Neville Jones was a Junior School teacher at Gresham’s throughout his career. I remember his dwelling in the living quarters attached to Old Kenwyn, a block of classrooms by my time. I was taught by him during my time at Crossways, one of the two junior school houses. I cannot remember anything about his lessons. I can picture him very clearly; you will have look at the photo to the left. He was married with a young family – a few years younger than me – when I arrived at the school in 1959.
Mushy Hughes wasn’t a Junior School teacher, at first anyway; however, the term after I moved on to the senior school he took over as housemaster at Crossways.

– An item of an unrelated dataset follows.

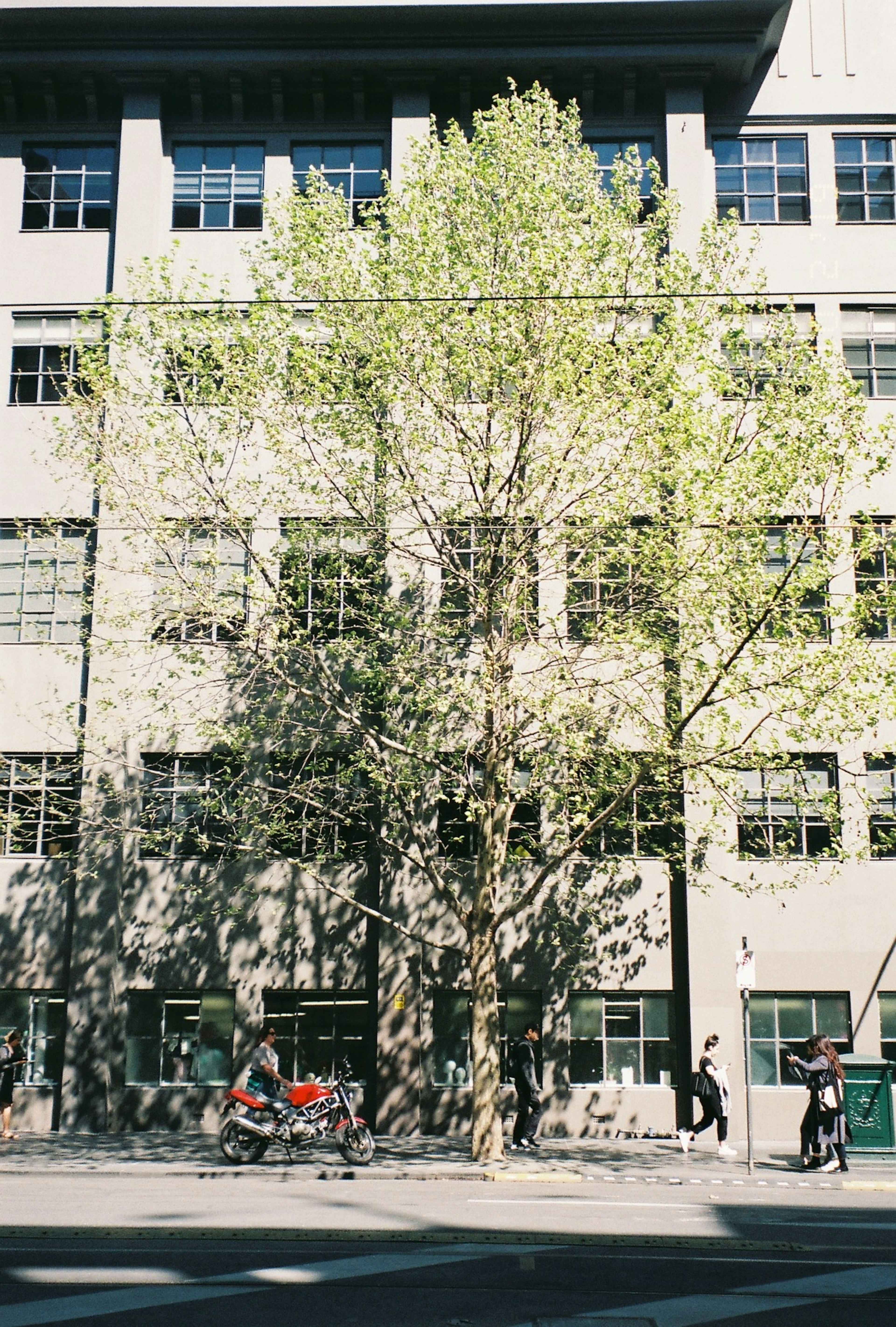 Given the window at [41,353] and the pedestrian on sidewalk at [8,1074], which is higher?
the window at [41,353]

Thereafter he was naturally very involved with the junior school, but he still taught Classics to the seniors. He taught Greek to my friend James Oxley-Brennan. James was a very good Greek scholar, but by the mid sixties he was the only pupil who still studied the subject; when he left after taking his ‘O’ levels it was dropped from the curriculum. It was no longer taught at the school and, as far as I am aware, it has never been revived. James has become a leading light among learned circles in Norfolk, but his subject has nothing to do with speaking Greek; rather he is the editor of the local Industrial Archaeology journal. Even when he was at school his passion was steam engines.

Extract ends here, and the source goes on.